▶ _What to do_
In the data below, restate exactly the lines from the one with "4 minutes of" to the final line, both included, but not the pictures.

▶ _Data extract_
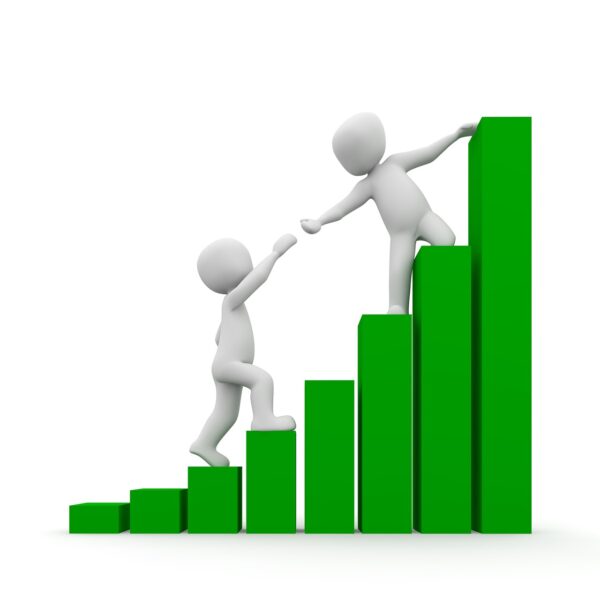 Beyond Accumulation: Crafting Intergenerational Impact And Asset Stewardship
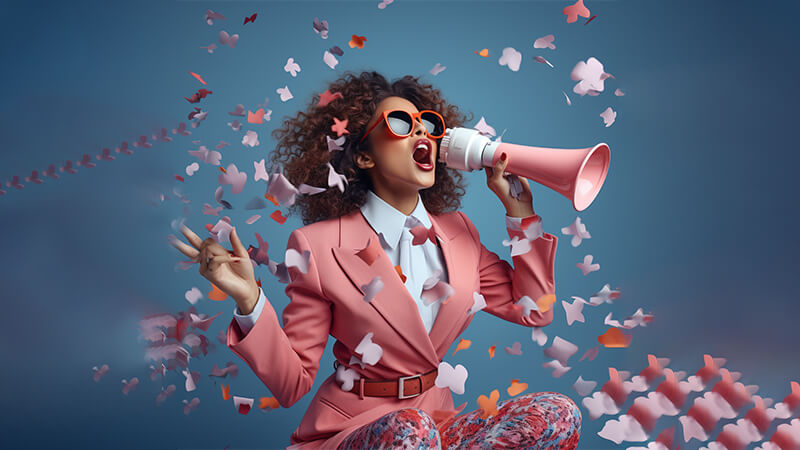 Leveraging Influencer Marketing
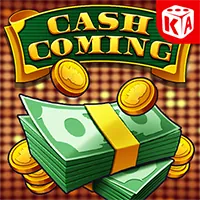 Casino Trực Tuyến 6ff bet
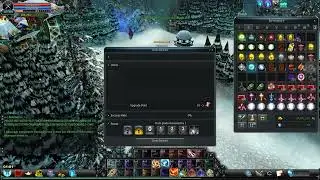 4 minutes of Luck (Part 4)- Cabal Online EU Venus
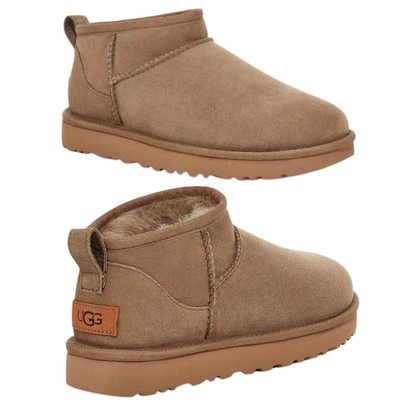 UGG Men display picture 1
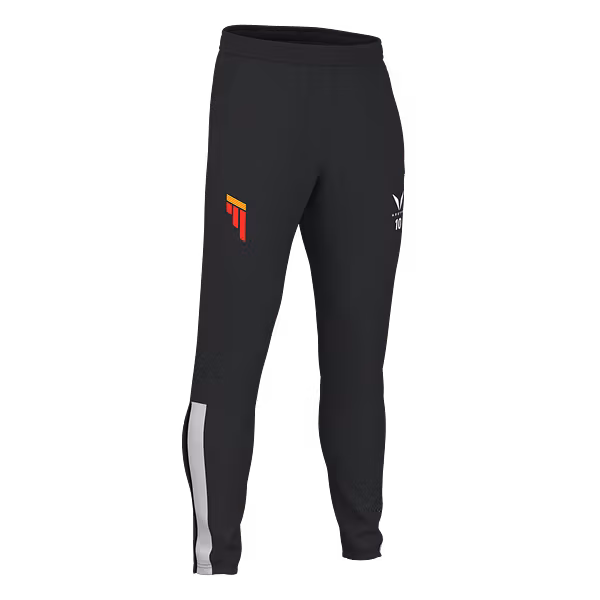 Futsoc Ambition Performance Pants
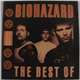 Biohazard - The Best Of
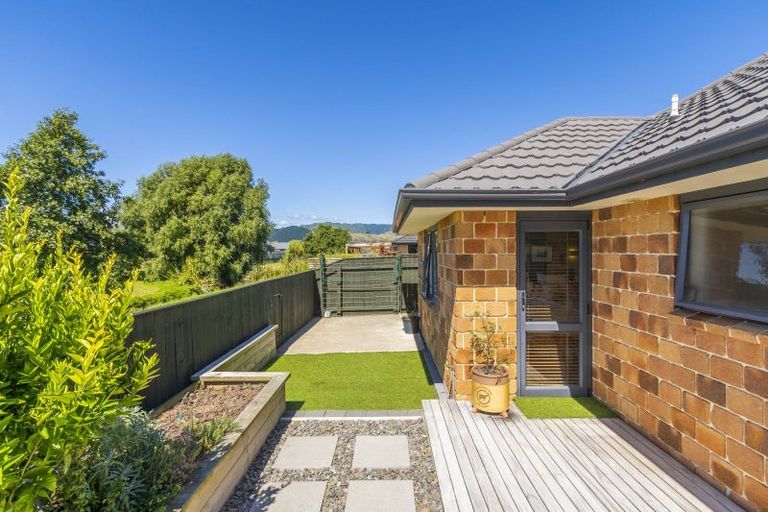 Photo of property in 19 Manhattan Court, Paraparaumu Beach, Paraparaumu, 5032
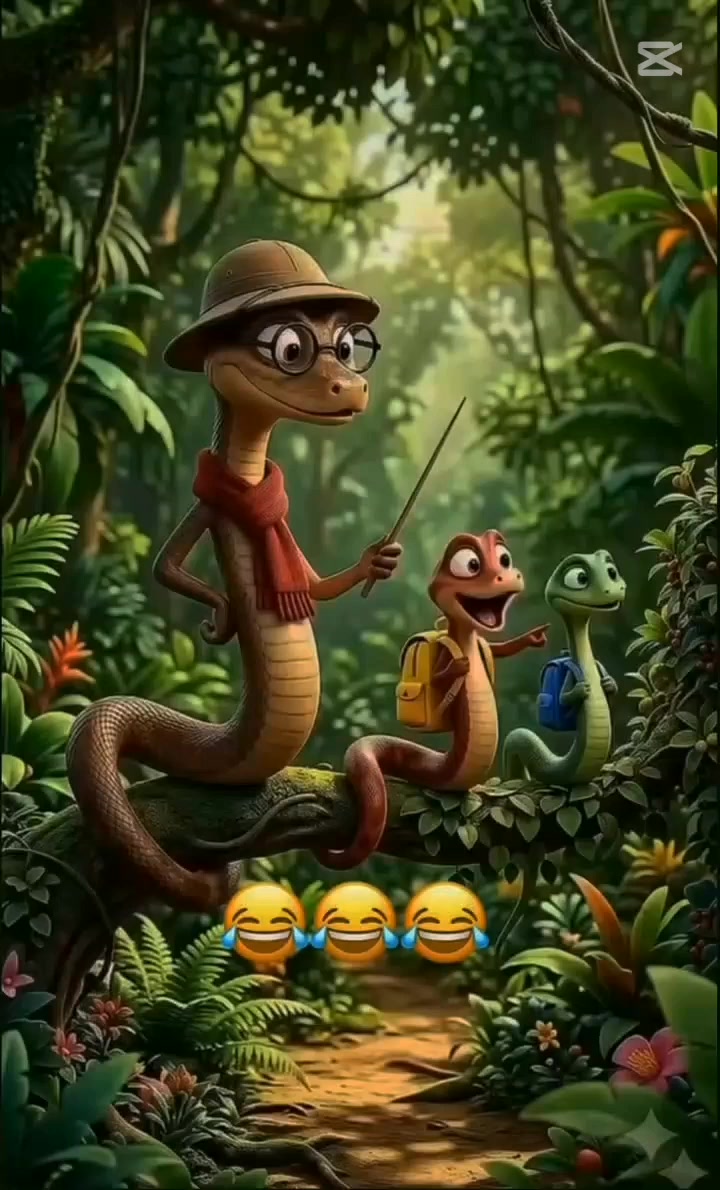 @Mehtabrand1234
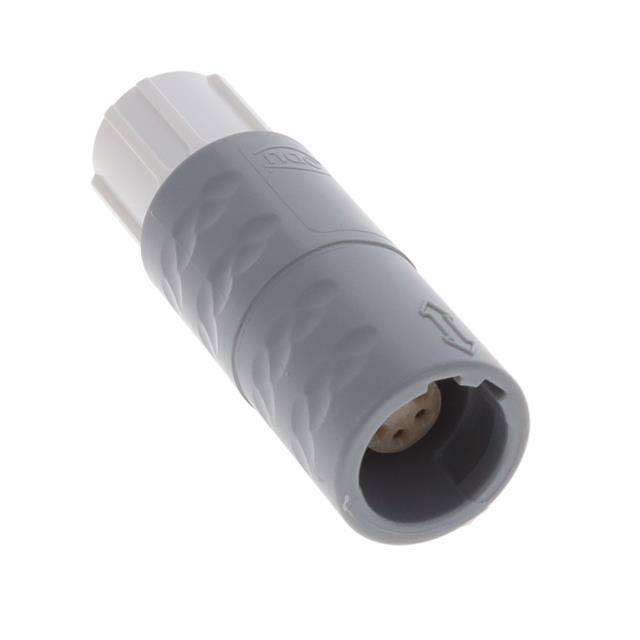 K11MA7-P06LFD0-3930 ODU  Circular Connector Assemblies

▶ _Answer to this problem_
 4 minutes of Luck (Part 4)- Cabal Online EU Venus
 UGG Men display picture 1
 Futsoc Ambition Performance Pants
 Biohazard - The Best Of
 Photo of property in 19 Manhattan Court, Paraparaumu Beach, Paraparaumu, 5032
 @Mehtabrand1234
 K11MA7-P06LFD0-3930 ODU  Circular Connector Assemblies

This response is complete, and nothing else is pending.